The big question is with 50% of voters dissatisfied with Trump, can Biden capture them? At the same time, suburban women of color are for Biden, and some 37% of U.S. households are headed by women. At the end of the day, Iowa and N.H. leading Democratic candidates must do better than expected.
What is interesting is that seven of 10 Obama, and later Trump, voters approve of Trump, but a president’s approval rating is always under water, even as low of 40%.
The quest for every candidate in this election is to capture and interpret changes anticipated for the period from 2020 to 2040 in terms of what can be expected. For example, an economic slowdown is anticipated by the end of next year.
Dr. McCuan outlined demographic trends that will be reflected in the U.S. 2020 Census – Latino’s will probably be 10% of the population (3.25 million registered Latino voters in Georgia alone). The number of individuals who have not completed college is rising, meaning they can’t afford a home, but instead rent or cohabitate, and the number of regular voters who live in mobile homes is also rising. The focus is on RAE – Unmarried women (25%), Latinos (10%), Youth (22%), African Americans (12%) and other races (6%).
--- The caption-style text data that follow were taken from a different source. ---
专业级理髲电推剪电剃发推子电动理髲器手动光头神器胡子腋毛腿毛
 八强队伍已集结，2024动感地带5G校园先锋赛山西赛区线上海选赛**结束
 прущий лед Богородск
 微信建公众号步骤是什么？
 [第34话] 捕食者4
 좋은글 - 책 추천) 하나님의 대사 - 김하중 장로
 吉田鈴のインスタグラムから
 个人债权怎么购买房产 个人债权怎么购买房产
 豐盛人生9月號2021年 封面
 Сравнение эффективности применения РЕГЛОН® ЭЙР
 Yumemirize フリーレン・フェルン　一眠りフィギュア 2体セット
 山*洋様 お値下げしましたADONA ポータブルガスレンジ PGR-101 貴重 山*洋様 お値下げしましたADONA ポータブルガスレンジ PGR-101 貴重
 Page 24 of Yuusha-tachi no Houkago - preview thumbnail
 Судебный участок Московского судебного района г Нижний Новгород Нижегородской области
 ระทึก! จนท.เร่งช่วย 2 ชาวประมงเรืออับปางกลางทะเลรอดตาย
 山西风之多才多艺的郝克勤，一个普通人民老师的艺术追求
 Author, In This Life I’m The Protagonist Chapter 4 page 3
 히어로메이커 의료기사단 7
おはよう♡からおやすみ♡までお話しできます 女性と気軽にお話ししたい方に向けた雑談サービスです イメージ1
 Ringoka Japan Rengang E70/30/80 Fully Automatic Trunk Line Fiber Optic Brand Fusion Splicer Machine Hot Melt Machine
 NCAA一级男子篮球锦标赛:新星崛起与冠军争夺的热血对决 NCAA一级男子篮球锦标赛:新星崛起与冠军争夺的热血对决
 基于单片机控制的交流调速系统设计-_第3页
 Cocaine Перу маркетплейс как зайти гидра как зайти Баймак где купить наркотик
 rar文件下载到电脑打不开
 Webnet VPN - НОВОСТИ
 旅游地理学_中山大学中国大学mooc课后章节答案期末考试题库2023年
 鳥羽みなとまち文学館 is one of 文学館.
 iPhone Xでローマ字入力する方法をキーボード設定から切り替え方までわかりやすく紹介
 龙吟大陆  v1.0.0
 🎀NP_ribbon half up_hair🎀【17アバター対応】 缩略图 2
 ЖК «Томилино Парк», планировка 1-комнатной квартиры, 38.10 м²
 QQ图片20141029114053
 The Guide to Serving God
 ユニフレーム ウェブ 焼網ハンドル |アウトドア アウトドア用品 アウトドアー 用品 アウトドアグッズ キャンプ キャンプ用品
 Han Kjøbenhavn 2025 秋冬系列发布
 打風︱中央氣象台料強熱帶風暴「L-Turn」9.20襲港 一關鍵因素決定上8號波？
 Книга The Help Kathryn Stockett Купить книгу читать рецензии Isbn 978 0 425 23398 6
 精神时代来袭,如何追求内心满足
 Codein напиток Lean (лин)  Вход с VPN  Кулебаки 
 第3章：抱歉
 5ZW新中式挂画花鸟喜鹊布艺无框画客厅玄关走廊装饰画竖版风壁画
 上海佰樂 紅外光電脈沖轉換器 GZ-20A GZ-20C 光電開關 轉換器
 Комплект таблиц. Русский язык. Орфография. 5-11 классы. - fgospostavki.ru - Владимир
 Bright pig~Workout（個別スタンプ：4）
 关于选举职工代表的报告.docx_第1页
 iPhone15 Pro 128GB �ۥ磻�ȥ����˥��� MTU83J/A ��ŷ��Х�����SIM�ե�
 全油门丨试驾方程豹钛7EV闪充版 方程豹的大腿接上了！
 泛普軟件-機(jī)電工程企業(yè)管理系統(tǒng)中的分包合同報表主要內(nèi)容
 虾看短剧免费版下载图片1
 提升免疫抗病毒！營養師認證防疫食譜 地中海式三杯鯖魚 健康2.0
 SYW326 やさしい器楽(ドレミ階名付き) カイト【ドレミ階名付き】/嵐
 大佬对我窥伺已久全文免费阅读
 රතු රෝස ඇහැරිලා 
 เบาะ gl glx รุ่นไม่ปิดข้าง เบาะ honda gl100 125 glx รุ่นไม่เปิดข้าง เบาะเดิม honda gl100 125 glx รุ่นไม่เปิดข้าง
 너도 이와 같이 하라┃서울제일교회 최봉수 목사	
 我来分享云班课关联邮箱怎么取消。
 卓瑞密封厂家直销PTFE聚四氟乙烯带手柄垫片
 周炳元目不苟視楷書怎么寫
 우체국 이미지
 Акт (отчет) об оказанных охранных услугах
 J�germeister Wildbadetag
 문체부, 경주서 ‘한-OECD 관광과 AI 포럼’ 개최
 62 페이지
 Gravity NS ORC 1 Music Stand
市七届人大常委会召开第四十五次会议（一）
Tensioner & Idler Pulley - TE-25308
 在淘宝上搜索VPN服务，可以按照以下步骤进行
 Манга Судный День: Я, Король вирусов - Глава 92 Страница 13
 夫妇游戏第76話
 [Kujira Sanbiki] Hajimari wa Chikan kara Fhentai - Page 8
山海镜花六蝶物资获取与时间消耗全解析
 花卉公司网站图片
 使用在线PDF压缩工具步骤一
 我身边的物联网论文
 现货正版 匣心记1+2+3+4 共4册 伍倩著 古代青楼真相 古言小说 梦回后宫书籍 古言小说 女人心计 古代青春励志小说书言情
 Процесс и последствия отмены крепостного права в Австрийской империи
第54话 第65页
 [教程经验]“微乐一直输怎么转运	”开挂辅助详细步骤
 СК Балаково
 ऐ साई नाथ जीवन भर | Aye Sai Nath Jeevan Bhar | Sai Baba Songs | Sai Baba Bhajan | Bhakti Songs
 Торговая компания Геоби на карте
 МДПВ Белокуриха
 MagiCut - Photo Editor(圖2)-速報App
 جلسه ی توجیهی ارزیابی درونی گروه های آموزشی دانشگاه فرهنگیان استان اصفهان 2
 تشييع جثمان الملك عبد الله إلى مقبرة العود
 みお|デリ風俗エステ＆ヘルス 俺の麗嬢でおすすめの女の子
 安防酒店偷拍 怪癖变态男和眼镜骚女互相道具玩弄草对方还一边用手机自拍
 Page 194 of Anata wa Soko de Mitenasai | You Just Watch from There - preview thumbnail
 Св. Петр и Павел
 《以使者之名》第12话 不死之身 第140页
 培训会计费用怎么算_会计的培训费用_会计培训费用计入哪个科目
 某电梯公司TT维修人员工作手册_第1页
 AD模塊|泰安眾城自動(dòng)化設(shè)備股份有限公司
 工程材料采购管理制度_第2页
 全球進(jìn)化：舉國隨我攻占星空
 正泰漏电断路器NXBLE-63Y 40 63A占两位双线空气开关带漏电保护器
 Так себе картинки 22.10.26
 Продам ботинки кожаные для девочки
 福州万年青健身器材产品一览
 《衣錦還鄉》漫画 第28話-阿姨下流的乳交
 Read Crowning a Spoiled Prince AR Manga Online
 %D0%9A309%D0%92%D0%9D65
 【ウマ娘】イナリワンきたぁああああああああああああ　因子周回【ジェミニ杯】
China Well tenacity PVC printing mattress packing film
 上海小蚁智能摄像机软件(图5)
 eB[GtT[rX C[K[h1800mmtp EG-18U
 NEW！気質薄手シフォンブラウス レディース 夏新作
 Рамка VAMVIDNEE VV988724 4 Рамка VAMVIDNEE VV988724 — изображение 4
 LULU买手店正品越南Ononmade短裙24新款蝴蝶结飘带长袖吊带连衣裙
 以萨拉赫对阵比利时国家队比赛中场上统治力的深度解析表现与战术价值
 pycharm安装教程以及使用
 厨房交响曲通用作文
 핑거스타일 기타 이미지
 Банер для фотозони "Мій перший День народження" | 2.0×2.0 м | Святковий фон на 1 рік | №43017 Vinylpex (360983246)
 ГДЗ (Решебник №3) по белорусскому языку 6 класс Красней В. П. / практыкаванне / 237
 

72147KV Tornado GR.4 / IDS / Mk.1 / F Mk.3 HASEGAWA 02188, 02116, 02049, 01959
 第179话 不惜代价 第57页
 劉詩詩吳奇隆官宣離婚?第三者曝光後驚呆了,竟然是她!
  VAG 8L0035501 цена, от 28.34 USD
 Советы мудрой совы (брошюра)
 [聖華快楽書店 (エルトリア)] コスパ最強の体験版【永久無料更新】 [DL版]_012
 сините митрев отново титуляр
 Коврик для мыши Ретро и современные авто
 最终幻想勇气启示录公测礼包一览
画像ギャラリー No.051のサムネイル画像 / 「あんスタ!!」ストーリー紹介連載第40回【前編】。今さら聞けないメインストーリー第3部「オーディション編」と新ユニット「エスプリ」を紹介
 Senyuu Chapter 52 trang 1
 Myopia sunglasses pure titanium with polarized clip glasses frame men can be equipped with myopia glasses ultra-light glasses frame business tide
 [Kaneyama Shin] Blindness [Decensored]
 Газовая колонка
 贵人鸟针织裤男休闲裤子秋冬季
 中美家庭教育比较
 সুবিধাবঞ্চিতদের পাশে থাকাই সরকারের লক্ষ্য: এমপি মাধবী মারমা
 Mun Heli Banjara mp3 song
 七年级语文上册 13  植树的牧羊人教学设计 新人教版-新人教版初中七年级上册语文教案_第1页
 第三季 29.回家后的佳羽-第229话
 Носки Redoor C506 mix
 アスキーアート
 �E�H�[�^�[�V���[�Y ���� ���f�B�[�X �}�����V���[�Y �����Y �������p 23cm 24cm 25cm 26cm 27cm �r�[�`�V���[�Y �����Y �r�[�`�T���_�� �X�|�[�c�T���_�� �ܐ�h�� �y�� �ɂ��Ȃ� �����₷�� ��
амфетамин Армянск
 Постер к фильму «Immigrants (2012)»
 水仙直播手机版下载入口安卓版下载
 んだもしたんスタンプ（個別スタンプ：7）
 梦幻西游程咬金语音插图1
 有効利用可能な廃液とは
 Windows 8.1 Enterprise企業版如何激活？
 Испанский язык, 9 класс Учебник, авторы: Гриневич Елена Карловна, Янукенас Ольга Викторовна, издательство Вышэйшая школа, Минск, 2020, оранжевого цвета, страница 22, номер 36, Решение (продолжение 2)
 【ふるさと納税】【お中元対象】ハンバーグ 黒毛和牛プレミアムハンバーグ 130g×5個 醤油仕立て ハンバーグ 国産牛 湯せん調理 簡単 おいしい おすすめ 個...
These groups are responsible for 80% of the growth in U.S. population between 2000 and 2010 – and also make up for more than half of the Voting Eligible Population (but was only 47% of the electorate in 2008 and 42% in 2010). It move up to 51% in 2016 and is expected to reach between 52-54% in 2020.
Locally in Sonoma County, homelessness is a major issue, as is housing, along an increasing need for lots of help coming from outside groups. In 2020, lots of angry people will be voting.
While the Latino population is rising, those 18 to 22 don’t vote, but those ages 25 to 29 do. The question is how do we poll young people? At the same time, the non-white population is also growing in the South. Republicans have stopped talking about immigration.
We need to start looking at elections by counties, not by Congressional districts, and attempt to determine likely voter mentality. For example, registered voters may not vote, but poorly educated voters matter.
If you look closely at the election process across the U.S., five counties are barometers for the 2020 election: Maricopa County, AZ; Miami-Dade County, FL; Kent County, MI; Beaver County, PA, and Milwaukee County, WI.
Final points…Does “America First = America Alone?” Trump Tweeted 140 times the first week of the public impeachment proceedings. Some 22 states are GOP-owned; both governorships and both sides of the state legislature. Another five states lean toward the GOP.
What to Watch in 2020
Keep an eye on the calendar and key dates, as well as changes in the general vs. voting populations, such as demographic shifts and the RAE factor. Watch the Gallup “General Ballot Test and “Enthusiasm” poll along with presidential approval numbers.
Study macroeconomic Indicators and conditions: Such as Congress, Senate differences vs. White House priorities and macro-micro problems. Observe dominant media narratives of anti-incumbency and anti-establishment “symbolic” politics. Remember that conventional wisdom is often wrong.